As I highlighted earlier in the week, the NRSC released internal polling to support messaging that it's Republicans who have the winning position among voters with commonsense restrictions and regulations, while Democrats unpopularly advocate for abortion throughout up until birth.
One such result from that poll found that by 55-35 percent, voters believe the "Supreme Court should allow the states to ban late-term abortions." The draft that was leaked applies to a decision for Dobbs v. Jackson, which is deciding the constitutionality of Mississippi's 15-week abortion ban.
It wasn't merely an internal poll released earlier this week, though.
Earlier this week, Fox News released their polling showing that by 54-41 percent, respondents support the 15-week ban.
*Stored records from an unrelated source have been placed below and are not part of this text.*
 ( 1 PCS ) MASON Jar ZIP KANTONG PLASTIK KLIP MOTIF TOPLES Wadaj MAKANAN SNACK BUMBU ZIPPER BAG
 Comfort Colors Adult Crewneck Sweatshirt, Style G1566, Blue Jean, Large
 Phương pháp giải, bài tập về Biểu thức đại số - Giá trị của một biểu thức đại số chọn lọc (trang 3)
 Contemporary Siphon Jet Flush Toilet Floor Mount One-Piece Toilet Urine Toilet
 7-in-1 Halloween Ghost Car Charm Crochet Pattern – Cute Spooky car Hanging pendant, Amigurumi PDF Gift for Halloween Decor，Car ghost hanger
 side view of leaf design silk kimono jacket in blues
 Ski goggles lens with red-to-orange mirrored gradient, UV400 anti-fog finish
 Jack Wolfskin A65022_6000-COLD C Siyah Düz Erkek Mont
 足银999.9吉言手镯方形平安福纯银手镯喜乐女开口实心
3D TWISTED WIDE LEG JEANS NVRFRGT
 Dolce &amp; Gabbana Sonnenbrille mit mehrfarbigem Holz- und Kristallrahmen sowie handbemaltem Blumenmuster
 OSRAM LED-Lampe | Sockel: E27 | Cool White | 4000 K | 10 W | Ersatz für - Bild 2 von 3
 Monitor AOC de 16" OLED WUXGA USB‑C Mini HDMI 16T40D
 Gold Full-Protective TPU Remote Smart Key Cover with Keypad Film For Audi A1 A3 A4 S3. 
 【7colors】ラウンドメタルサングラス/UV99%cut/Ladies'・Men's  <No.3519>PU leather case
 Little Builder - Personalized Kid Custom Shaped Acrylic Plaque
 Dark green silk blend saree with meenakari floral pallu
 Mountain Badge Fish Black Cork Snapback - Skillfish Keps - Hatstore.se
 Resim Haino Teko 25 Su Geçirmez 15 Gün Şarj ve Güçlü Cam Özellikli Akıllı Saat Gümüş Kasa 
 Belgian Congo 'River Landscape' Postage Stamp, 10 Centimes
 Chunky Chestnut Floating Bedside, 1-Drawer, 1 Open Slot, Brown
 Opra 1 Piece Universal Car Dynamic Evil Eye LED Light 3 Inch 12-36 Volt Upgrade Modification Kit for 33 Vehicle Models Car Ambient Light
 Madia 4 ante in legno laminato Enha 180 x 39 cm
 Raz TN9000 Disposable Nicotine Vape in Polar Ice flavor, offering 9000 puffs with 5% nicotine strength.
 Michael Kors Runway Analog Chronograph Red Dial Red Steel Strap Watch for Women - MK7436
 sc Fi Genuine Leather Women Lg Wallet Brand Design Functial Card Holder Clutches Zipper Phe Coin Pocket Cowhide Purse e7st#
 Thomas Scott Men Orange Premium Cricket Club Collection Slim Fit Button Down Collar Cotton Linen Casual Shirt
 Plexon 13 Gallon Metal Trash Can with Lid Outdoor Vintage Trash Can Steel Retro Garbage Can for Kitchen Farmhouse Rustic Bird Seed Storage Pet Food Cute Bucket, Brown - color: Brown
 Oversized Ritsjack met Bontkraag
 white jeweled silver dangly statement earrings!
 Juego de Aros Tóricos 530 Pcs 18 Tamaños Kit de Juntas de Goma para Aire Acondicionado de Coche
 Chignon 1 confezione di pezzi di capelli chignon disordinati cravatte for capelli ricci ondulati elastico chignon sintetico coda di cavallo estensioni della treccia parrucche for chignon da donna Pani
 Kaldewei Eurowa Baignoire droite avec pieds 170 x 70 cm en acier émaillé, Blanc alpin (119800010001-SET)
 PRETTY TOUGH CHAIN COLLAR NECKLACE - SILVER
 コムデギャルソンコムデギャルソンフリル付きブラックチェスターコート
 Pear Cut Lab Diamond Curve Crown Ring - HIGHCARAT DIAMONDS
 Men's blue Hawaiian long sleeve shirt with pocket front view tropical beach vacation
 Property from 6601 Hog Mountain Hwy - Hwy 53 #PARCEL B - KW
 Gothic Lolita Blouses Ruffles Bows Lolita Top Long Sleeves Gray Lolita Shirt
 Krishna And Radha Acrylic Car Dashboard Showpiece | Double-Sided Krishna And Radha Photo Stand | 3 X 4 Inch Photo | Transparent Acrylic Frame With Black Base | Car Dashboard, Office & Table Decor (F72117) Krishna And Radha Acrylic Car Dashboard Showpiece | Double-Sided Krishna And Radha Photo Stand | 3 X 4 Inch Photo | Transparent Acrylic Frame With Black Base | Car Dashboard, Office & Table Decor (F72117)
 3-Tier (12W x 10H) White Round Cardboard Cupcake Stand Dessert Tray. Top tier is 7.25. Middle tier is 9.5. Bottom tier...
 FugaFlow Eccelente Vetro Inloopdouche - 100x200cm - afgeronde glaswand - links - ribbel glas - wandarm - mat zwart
Further, a plurality of respondents, at 43 percent, want abortion to be "mostly illegal." The poll was conducted April 28-May 1, just before the draft was leaked.
Polling released last June by The Associated Press-NORC Center for Public Affairs Research showed even greater support, for more limits. Sixty-five percent of respondents said abortion should be generally illegal in the second trimester, and 80 percent said it should be generally illegal in the third trimester.
Gallup, which regularly conducts polling on abortion, has found similar support for making abortion illegal at those points.
Polling from recent months that was provided to Townhall by Richard Baris, the director of Big Poll Data, found that by 67.2 to 17.1 percent, respondents oppose abortion being legal in the last three months of pregnancy, while 15.7 percent are unsure. It's worth highlighting that women are more likely to oppose such abortions being legal, at 68.4 percent.
Democrats point to how a majority of respondents do not want to see Roe overturned. A major reason for that, though, is because many don't know overturning Roe will not automatically ban abortion nationwide, as they have been led to fear. Rather, it will allow the states to decide their own abortion laws through their elected officials. I've addressed this in depth before.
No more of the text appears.